Nightwing covers my back, ensuring that although I have a sense of being overwhelmed, I never am. But he never permanently disables a goon unless I trigger him to do so by way of a co-op takedown. Those, activated with a simple stab of L1, are just stunning. Remember how you felt when you first saw Arkham Asylum’s freeflow combat in action? Remember the sheer, cinematic impossibility of what was unfolding in front of your eyes, in real-time? Get ready to feel that again. As Nightwing, I launch a guy high into the air with a flipping vertical kick. As the battered ne’er-do-well flies, the camera dynamically spins round to catch Batman already leaping in. He grabs the mook by the ankles and powerbombs him into the wall. The camera seamlessly pans back to the normal combat view, and we continue.
Sorry, I should clarify that ‘as Nightwing’ bit. You see the reason I am always in control is that I’m actually playing as both characters. During co-op takedowns, the other vigilante effectively tags in, and control transfers in the aftermath. Far from being confusing, it adds a marvelous energy and dramatic pacing to the fights, and also a fair bit of excellent, ambient narrative texture.

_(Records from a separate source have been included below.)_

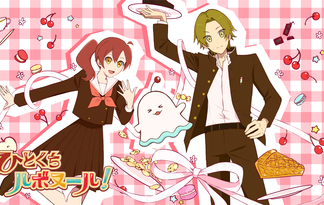 ひとくちルボヌール！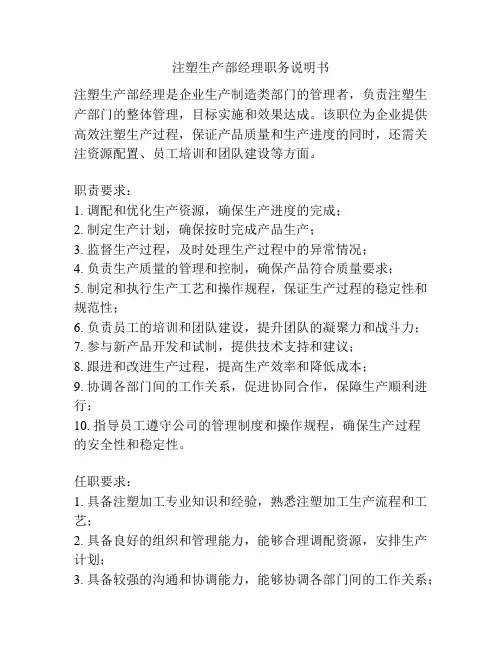 注塑生产部经理职务说明书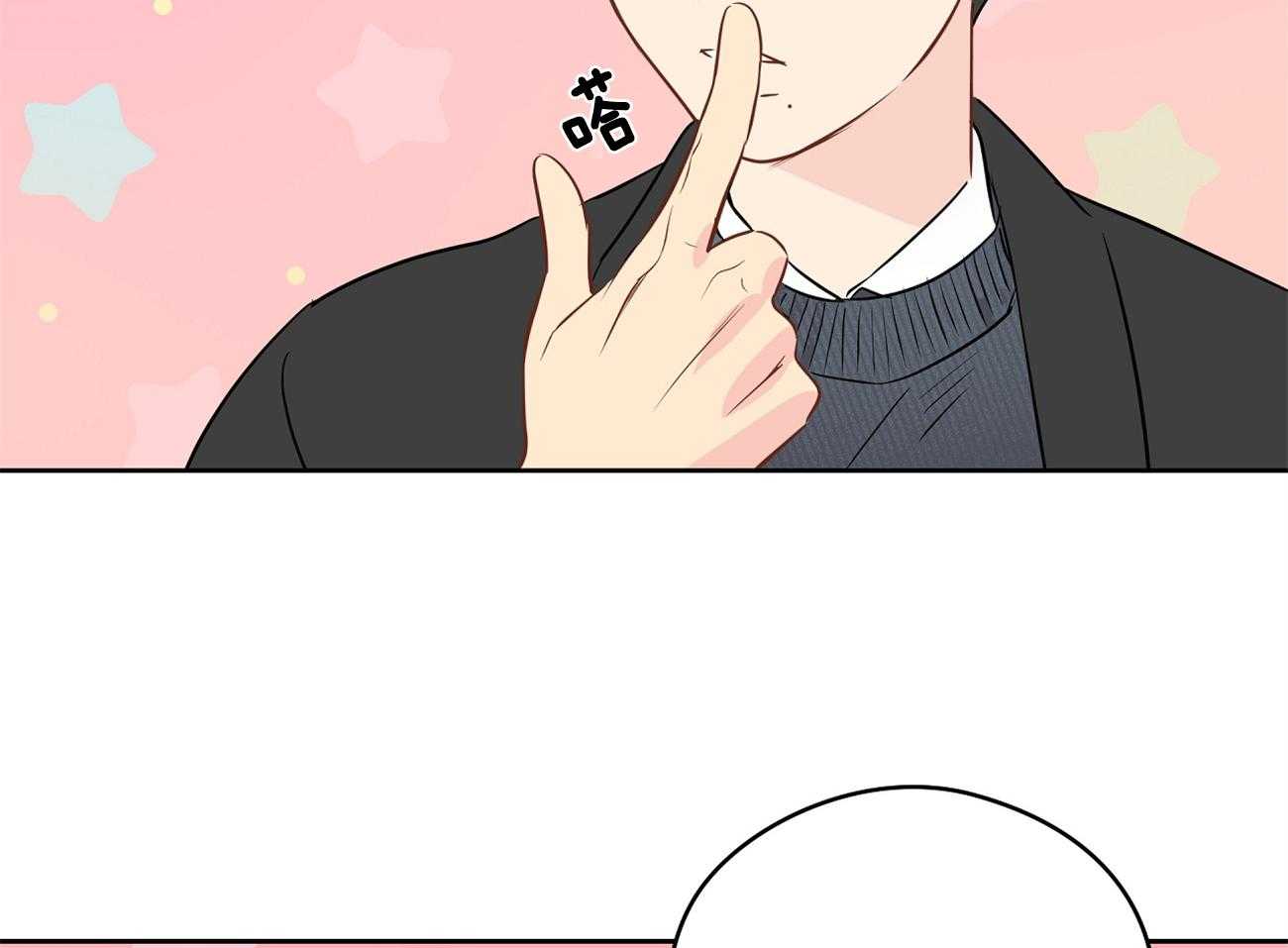 梦境很奇怪！ 第31话 第40页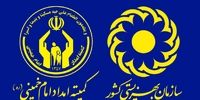 فوری؛ حساب این افراد شارژ شد / سرپرستان حساب خود را چک کنند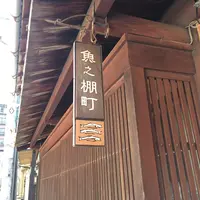 TRUNKの写真・動画_image_352137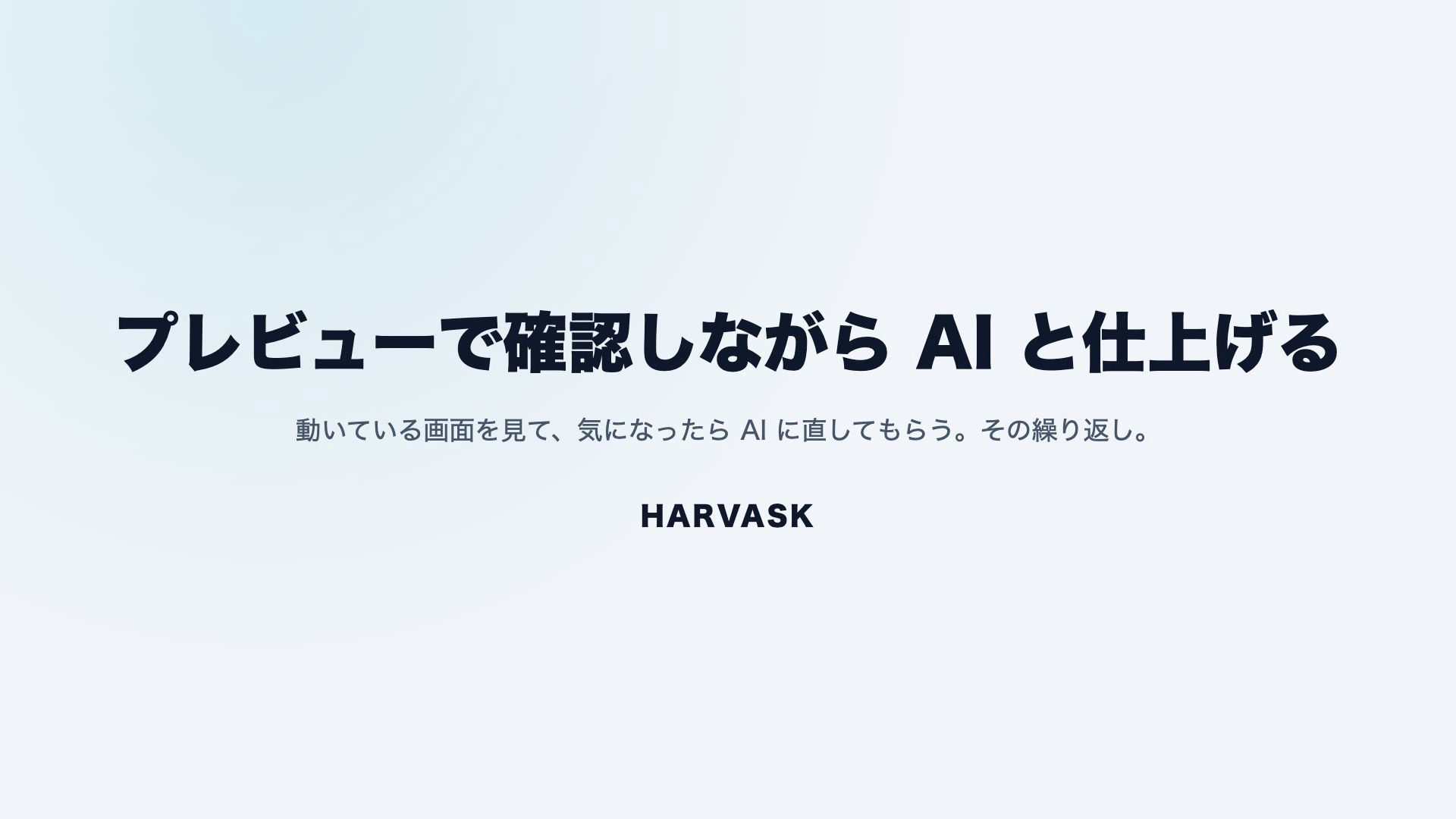 【活用術⑦】プレビューで成果確認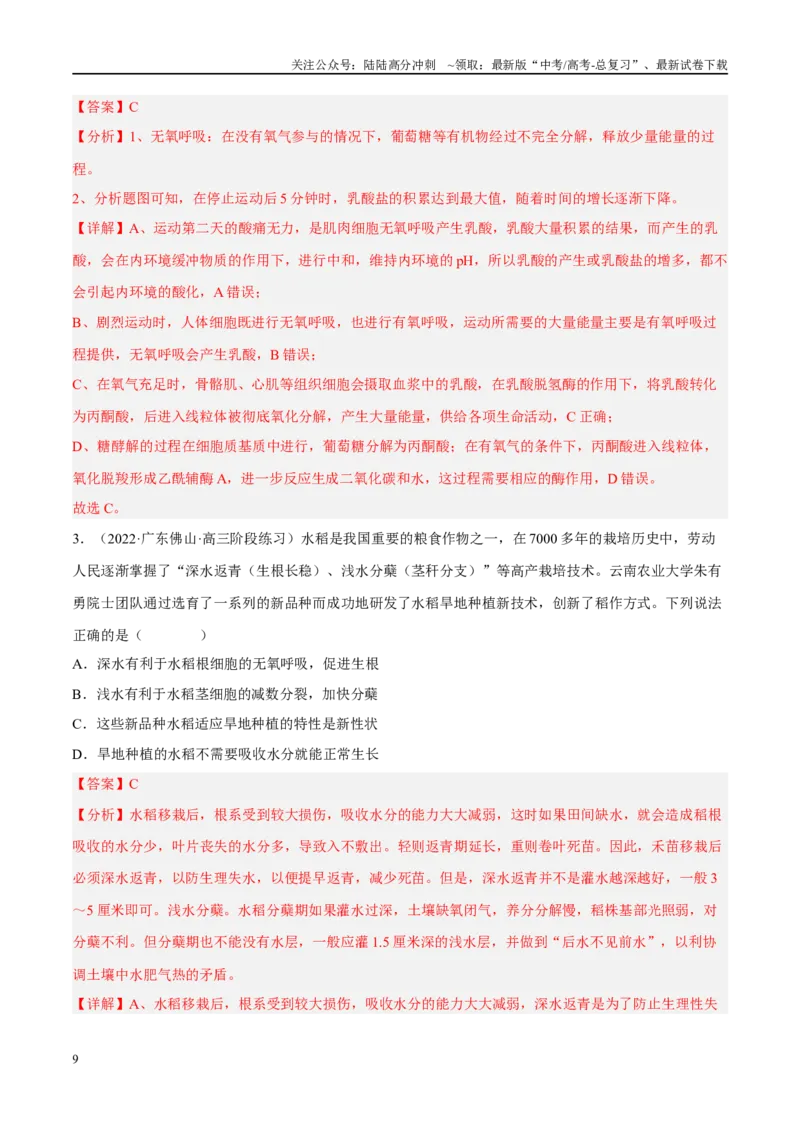 《解密05细胞呼吸的原理和应用（分层训练）（解析版）_06-生物-高考总复习_二轮复习_2024年_2024年新教材高考生物二轮复习讲义分层训练题考点_资料》第9页预览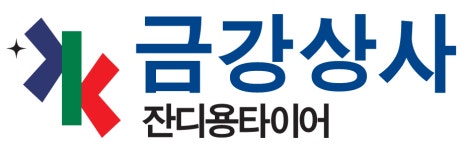 금강상사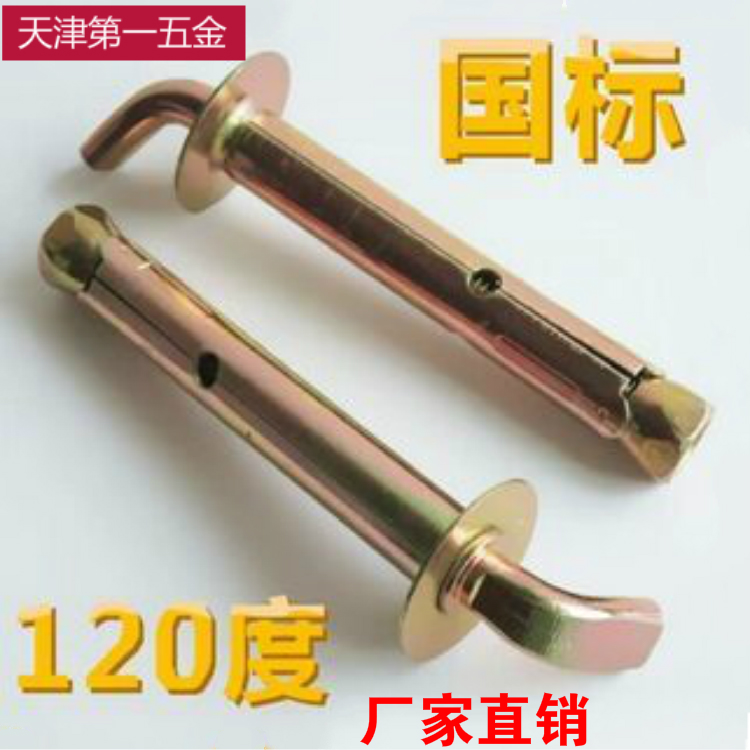 Wall Hanging Heavy Bolt Screws Hook Electric Water Heater Beauty Haier Special Boutique National Scale Expansion Screw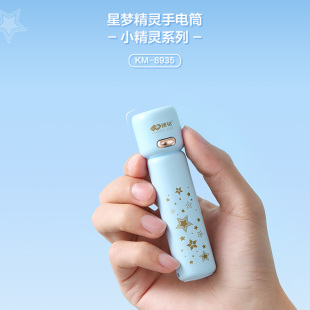 8935手电筒usb充电锂电池3档模式 康铭KM 无极调光随身携带SOS闪光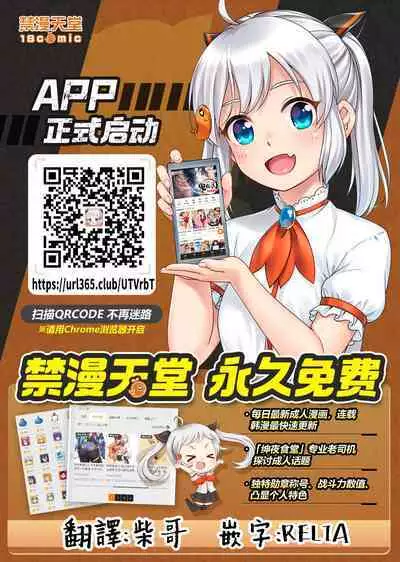 Itaiamai | 痛苦的甜蜜 Ch. 1-23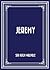 Jeremy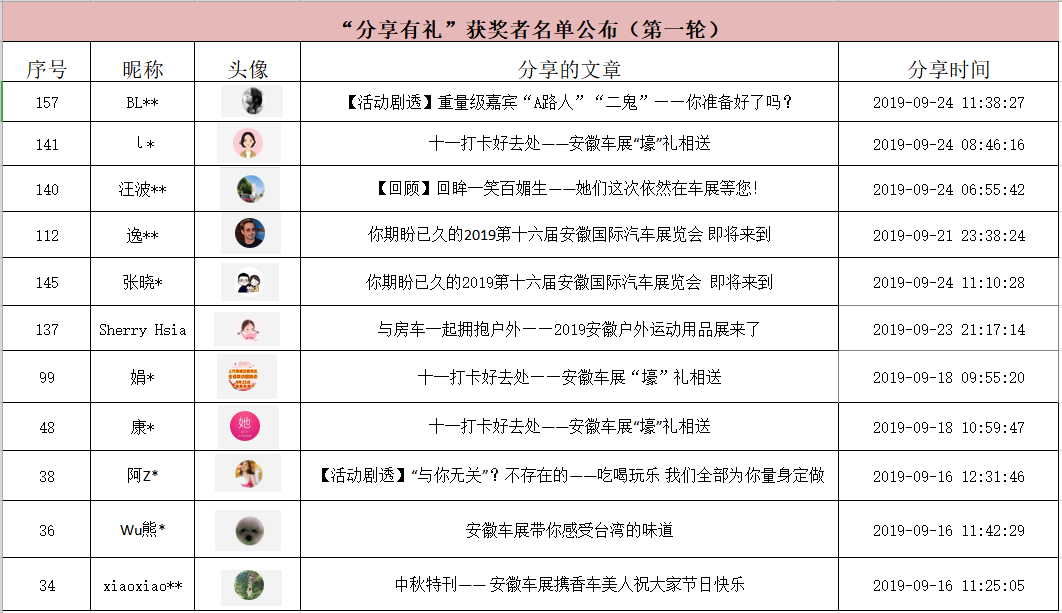 微信图片_20190924144333.png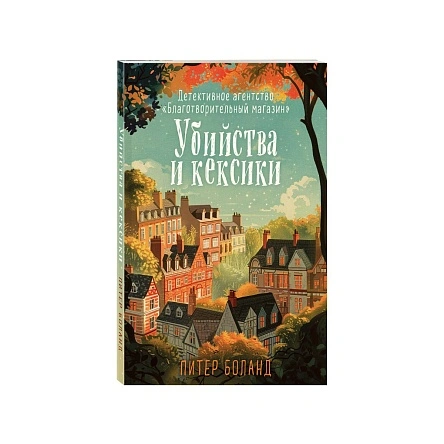 Серия Книги. Детективы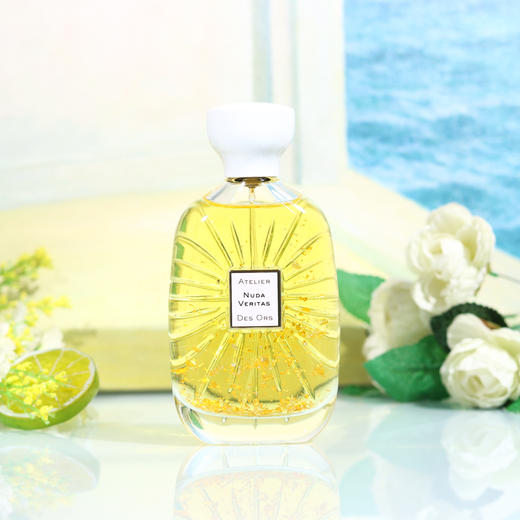 奥瑞斯工坊 无偿的真相   Atelier des Ors Nuda Veritas    分装 商品图0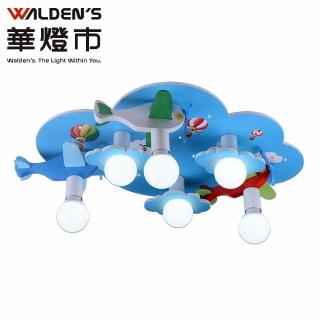 【華燈市】飛機總動員童趣6燈吸頂燈(燈飾燈具/臥室燈/童趣/兒童/居家燈具)
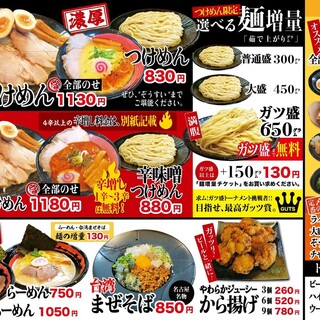 新規オープン 愛知のおすすめのつけ麺 ニューオープン順 食べログ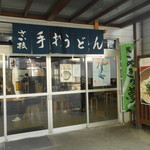 うどん さか枝 - 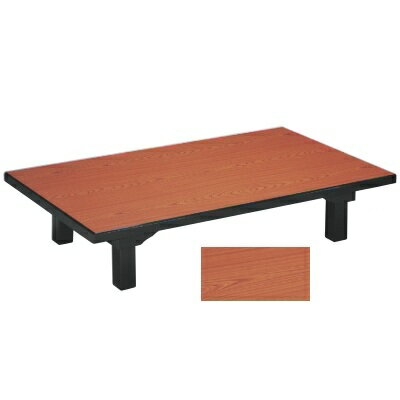 座卓 メラミン 黄木目(折足) 幅1200 奥行450 高さ325/業務用/新品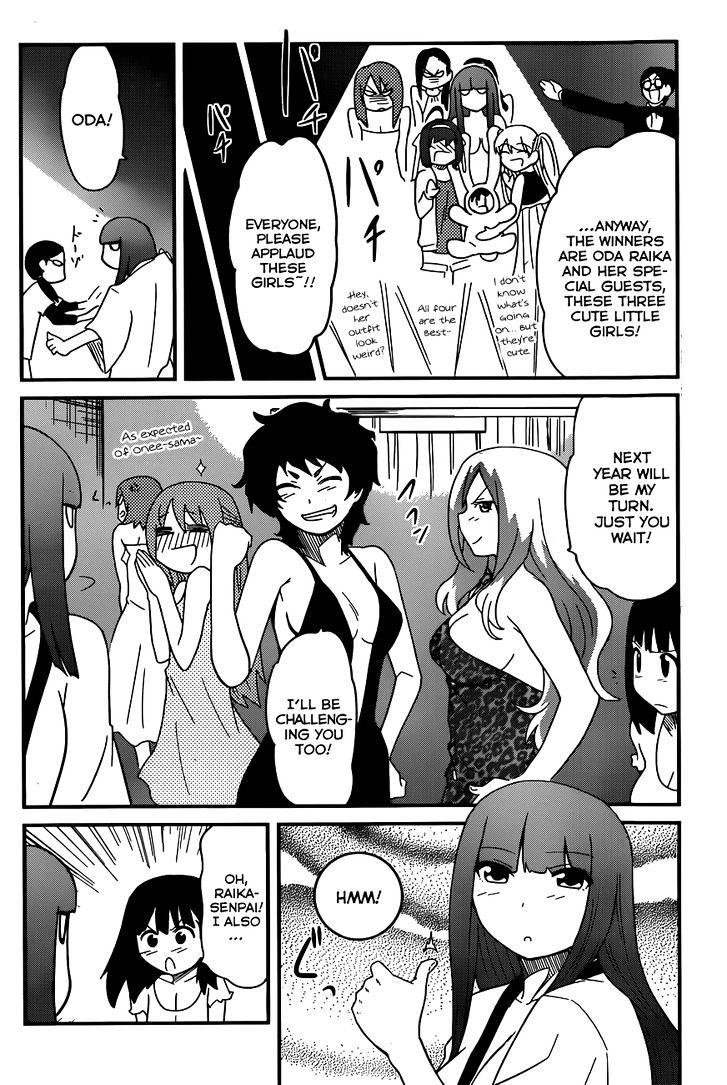 Papa no Iukoto o Kikinasai! - Rojou Kansatsu Kenkyuu Nisshi Chapter 27 page 13 - Chapter 27 : Winning from the Heart!!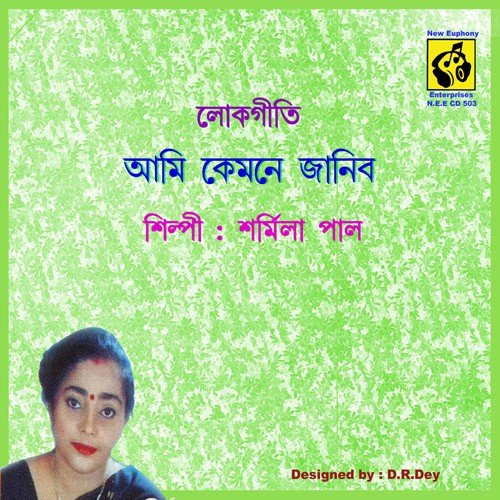 Aaji Kemon Koria - Sharmila Paul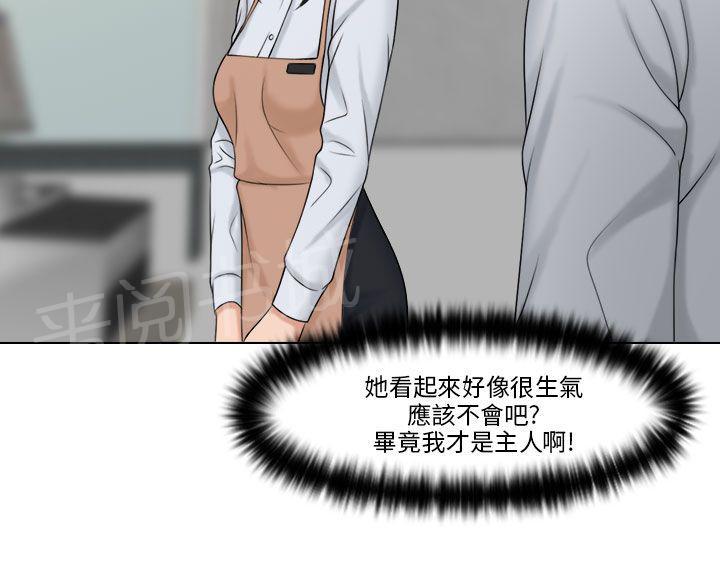 《上瘾游戏》漫画最新章节第28话 快去道歉免费下拉式在线观看章节第【13】张图片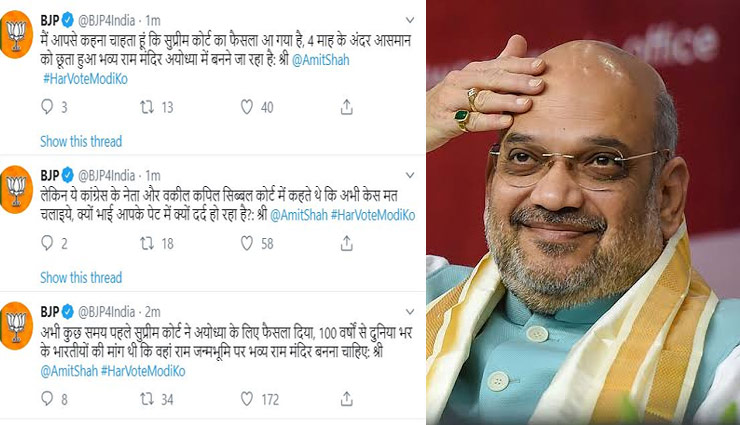 4 महीने में बनेगा अयोध्या में  आसमान छूता राम मंदिर : अमित शाह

Where the Bat-Family have previously only appeared in the games as cameos, isolated acknowledgements with no real, integrated meaning, the sense of teamwork, the sense of them existing as a real, tangible entity, is now undeniable. Having controlled them as a single unit, the sense of their presence remains long after Nightwing takes his leave. Again, it’s a great way of creating a sense of escalation without screwing with the core player experience. I might be stalking the rooftops solo later on, but I know that at times this desperate, a Batman is never alone.
‘All well and good’, you might ponder, ‘but how the hell can tank combat deliver a similarly intimate experience?’ Again, I refer you to my point about Rocksteady being clever bastards. Because while there’s no on-screen humanity to temper the scale of mechanised combat, everything about the experience of Arkham Knight’s vehicular blasting is designed to make it feel like you’re controlling Batman, not his vehicle. Maintaining the rhythmic, musical feel of the series’ hand-to-hand fighting, it’s much more DDR than Gears of War.
Trapped in the middle of a small fleet of tanks (important positioning, as it immediately evokes freeflow’s sense of being outnumbered in the middle of the fray; there’s no long-range target practice here), incoming shots are highlighted by a pre-emptive green laser trail running along the ground. When they turn red, usually after a couple of seconds, I’ve been locked onto, and will probably get hit. Thing is, those lasers aren’t a sporadic, casual threat. They’re constant, a pulsing, illuminated dancefloor, dictating the cadence and rhythm of the battle and my movements within it. They cross and stack upon each other, cutting off parts of the ground, and opening up new areas on a second by second basis They’re the heavy ordnance equivalent of the blue counter indicators in the hand-to-hand fights.
Aiming and shooting are secondary considerations. It’s really about how I move, how I dodge, how I shimmy, moment-to-moment, to skip past damage and find new attack windows. I’m not a lumbering piece of heavy duty hardware. I’m the nimble, evasive, strategically aware man inside the hardware. I’m vulnerable. I’m under constant threat. But I have the lean moves and the creative tactics to make survival look like triumph. It’s not tank combat. It’s Batman fighting from inside a tank.
So I’m relieved, and excited, and only now entirely hopeful, after finally playing Arkham Knight. Is it going to be a different Batman game to those we’ve played before? Yes, but then so has been every other Rocksteady Batman game. And that’s never been a bad thing. The important thing is that while the series’ scope is certainly going to change, it looks like its focus is going to remain the same. And that focus is the Batman himself, exactly as it should always be.